[DATA PROVIDED Boundary: Start]
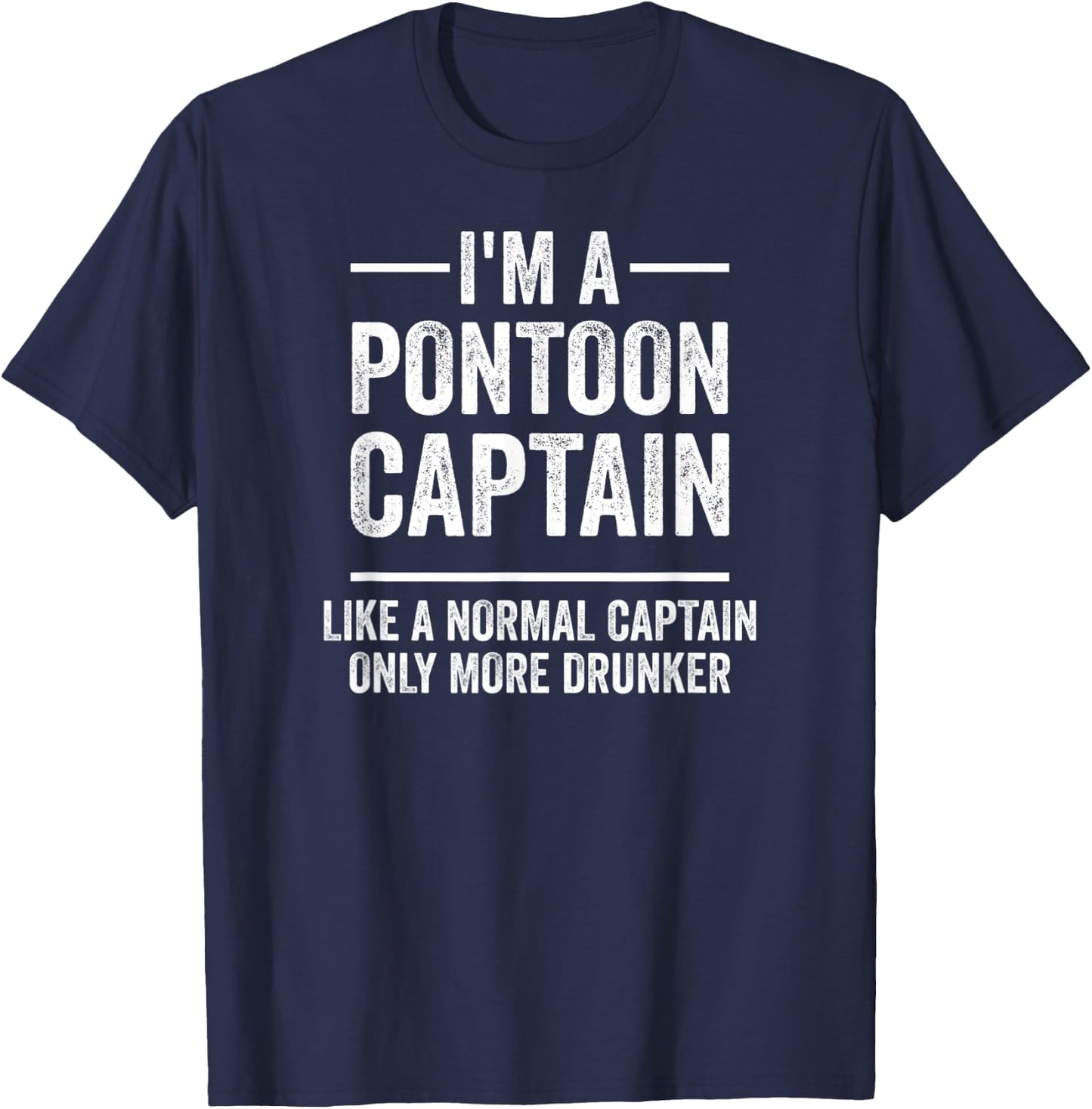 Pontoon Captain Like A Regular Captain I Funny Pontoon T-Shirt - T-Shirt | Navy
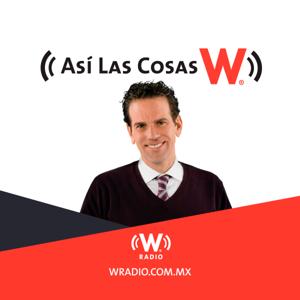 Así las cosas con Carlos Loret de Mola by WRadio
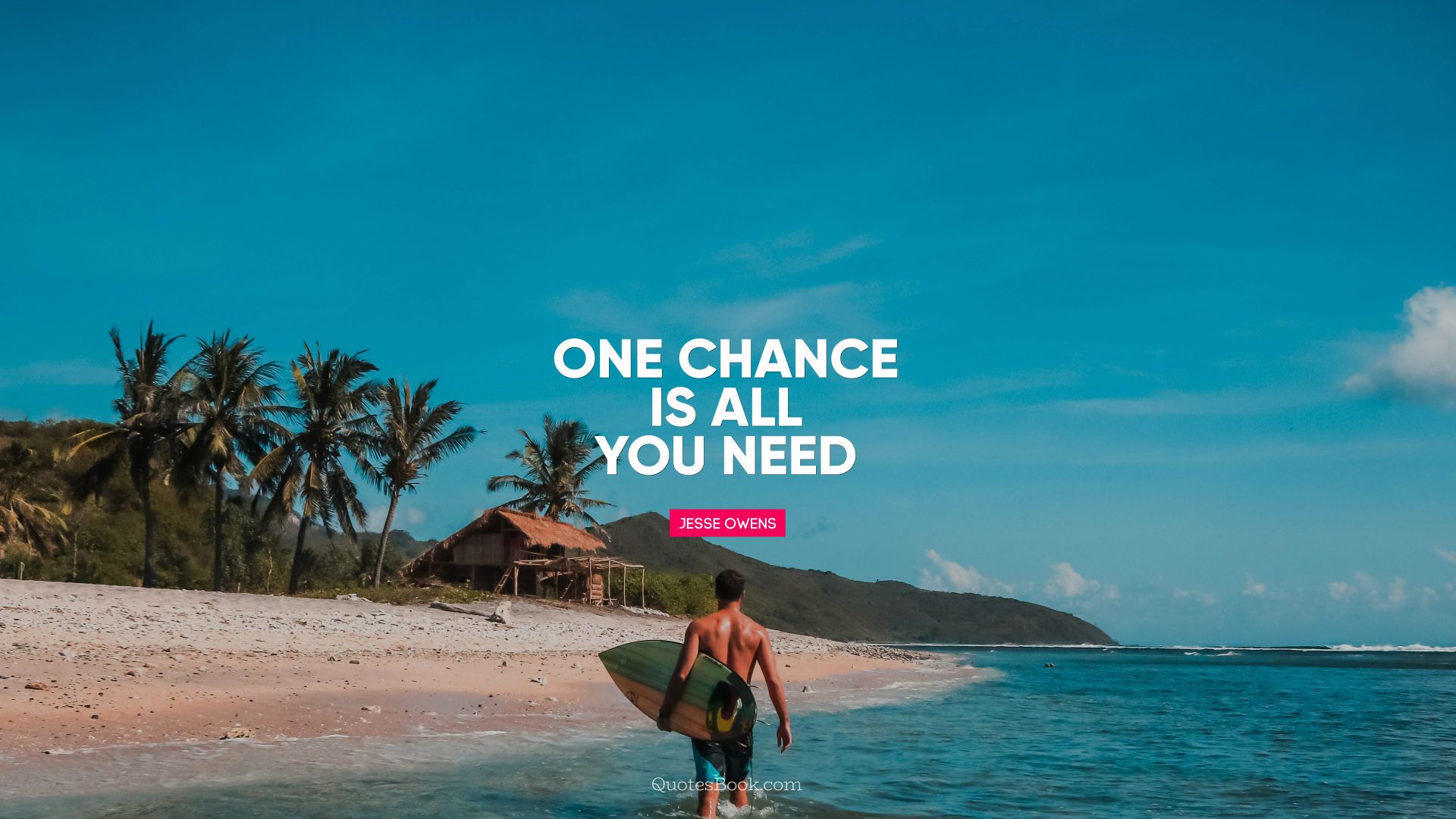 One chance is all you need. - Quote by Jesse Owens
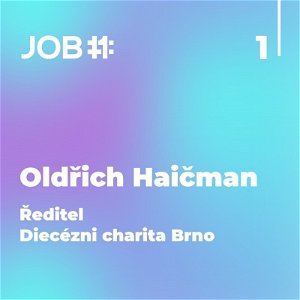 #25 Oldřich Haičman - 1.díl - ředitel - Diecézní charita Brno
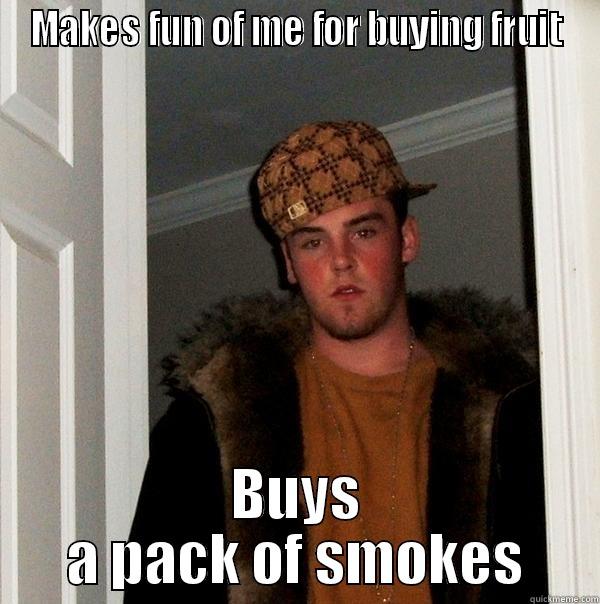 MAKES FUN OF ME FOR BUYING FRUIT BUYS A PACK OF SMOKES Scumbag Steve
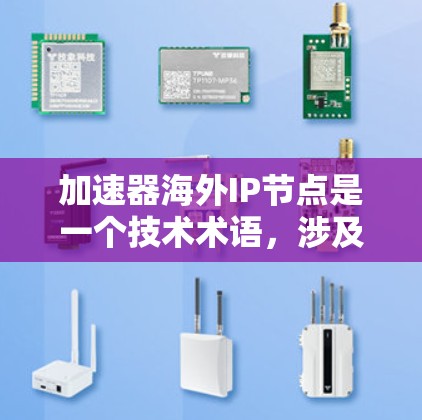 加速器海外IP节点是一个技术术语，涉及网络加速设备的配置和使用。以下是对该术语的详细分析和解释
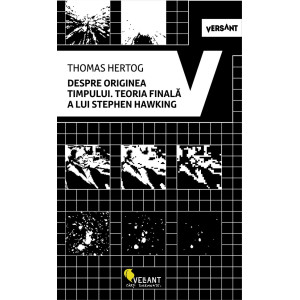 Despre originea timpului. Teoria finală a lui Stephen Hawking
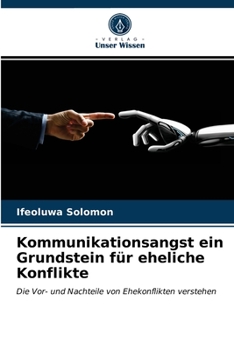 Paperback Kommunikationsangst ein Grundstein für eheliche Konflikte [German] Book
[DATA PROVIDED Boundary: End]
[DATA PROVIDED Boundary: Start]
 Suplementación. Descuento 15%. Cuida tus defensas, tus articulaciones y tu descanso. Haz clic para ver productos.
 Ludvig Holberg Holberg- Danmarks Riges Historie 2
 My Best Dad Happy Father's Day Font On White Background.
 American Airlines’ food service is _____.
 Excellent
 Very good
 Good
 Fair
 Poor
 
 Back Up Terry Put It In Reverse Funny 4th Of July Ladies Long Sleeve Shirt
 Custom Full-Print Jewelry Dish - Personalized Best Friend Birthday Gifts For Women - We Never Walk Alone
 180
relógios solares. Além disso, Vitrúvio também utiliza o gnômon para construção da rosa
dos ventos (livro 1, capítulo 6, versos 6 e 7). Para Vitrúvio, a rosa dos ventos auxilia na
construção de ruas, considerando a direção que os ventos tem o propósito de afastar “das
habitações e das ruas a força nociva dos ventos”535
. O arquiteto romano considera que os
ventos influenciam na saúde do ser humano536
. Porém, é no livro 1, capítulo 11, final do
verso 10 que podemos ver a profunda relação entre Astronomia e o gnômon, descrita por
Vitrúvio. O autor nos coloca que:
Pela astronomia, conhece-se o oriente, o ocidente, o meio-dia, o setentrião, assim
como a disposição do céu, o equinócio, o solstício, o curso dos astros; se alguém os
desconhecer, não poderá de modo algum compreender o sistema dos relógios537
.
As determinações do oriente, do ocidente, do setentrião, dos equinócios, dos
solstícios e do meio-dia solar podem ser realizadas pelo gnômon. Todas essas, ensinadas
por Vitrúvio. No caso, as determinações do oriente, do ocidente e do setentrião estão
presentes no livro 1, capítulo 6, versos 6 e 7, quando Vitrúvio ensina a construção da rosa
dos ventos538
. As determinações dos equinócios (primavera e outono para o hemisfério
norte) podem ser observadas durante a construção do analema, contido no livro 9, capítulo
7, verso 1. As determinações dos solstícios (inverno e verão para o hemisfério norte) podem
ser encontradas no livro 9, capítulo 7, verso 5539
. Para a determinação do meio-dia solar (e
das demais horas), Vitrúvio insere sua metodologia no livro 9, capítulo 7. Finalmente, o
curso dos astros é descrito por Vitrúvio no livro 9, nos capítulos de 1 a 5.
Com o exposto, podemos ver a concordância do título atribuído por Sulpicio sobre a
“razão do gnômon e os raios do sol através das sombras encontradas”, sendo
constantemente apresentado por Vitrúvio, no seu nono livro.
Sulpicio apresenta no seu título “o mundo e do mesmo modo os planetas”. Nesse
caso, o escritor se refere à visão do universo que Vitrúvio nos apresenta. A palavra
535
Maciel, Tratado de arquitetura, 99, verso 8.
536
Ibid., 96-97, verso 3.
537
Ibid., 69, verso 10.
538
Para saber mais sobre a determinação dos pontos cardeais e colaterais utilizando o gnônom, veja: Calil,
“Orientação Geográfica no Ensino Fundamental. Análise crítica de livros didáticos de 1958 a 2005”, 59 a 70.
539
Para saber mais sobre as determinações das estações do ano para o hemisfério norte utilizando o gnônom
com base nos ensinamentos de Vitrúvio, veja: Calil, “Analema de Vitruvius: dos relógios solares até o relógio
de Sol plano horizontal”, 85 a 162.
[DATA PROVIDED Boundary: End]
[DATA PROVIDED Boundary: Start]
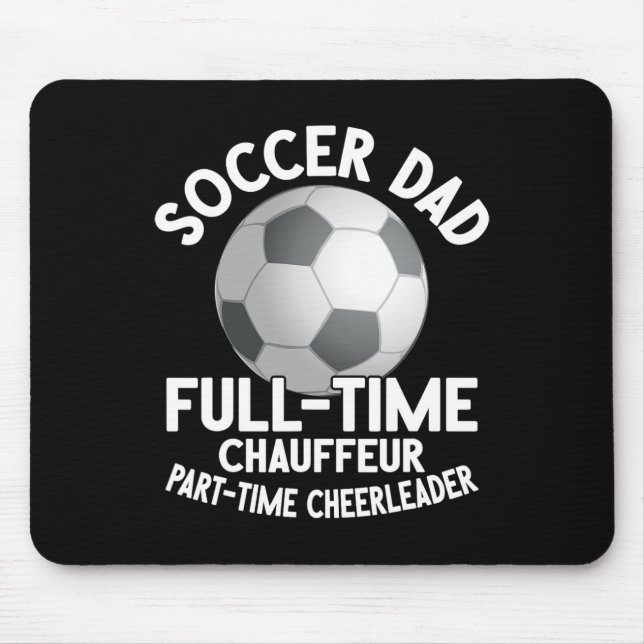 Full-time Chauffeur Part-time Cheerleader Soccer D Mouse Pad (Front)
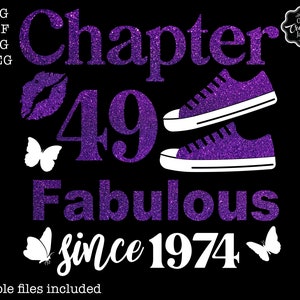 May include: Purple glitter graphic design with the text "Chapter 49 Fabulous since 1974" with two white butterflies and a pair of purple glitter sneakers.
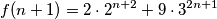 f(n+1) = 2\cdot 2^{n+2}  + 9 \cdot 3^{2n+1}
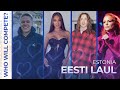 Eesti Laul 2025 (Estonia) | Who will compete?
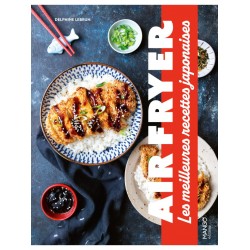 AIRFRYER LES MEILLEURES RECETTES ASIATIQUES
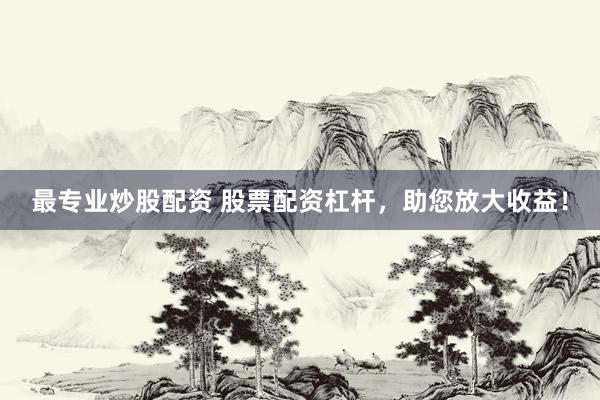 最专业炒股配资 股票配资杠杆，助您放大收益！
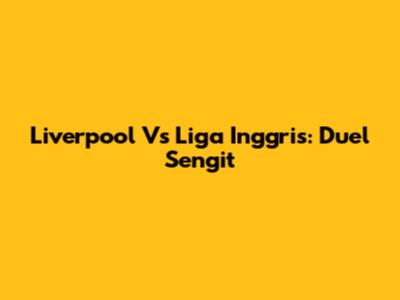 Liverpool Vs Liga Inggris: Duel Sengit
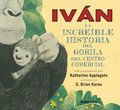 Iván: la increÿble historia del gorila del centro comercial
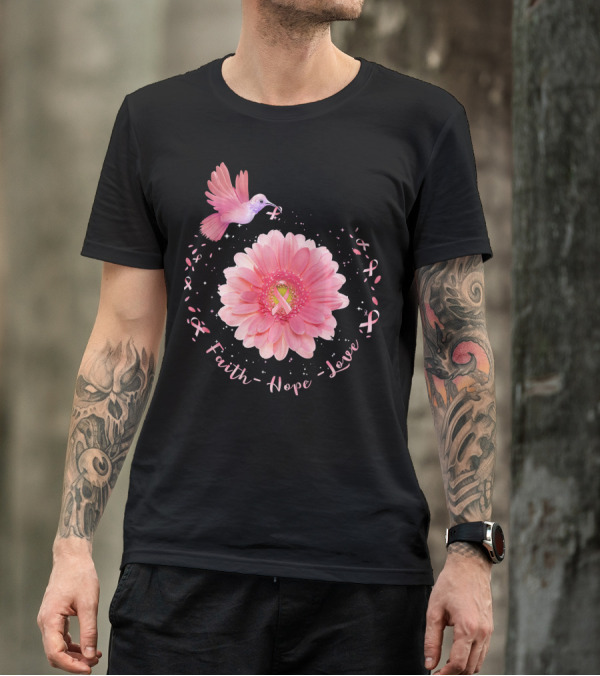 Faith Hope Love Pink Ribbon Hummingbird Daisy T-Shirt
[DATA PROVIDED Boundary: End]
PROBLEM TO WORK ON: Of the records above, copy each line that includes "norte".

ANSWER SECTION:
norte) podem ser observadas durante a construção do analema, contido no livro 9, capítulo
7, verso 1. As determinações dos solstícios (inverno e verão para o hemisfério norte) podem
Para saber mais sobre as determinações das estações do ano para o hemisfério norte utilizando o gnônom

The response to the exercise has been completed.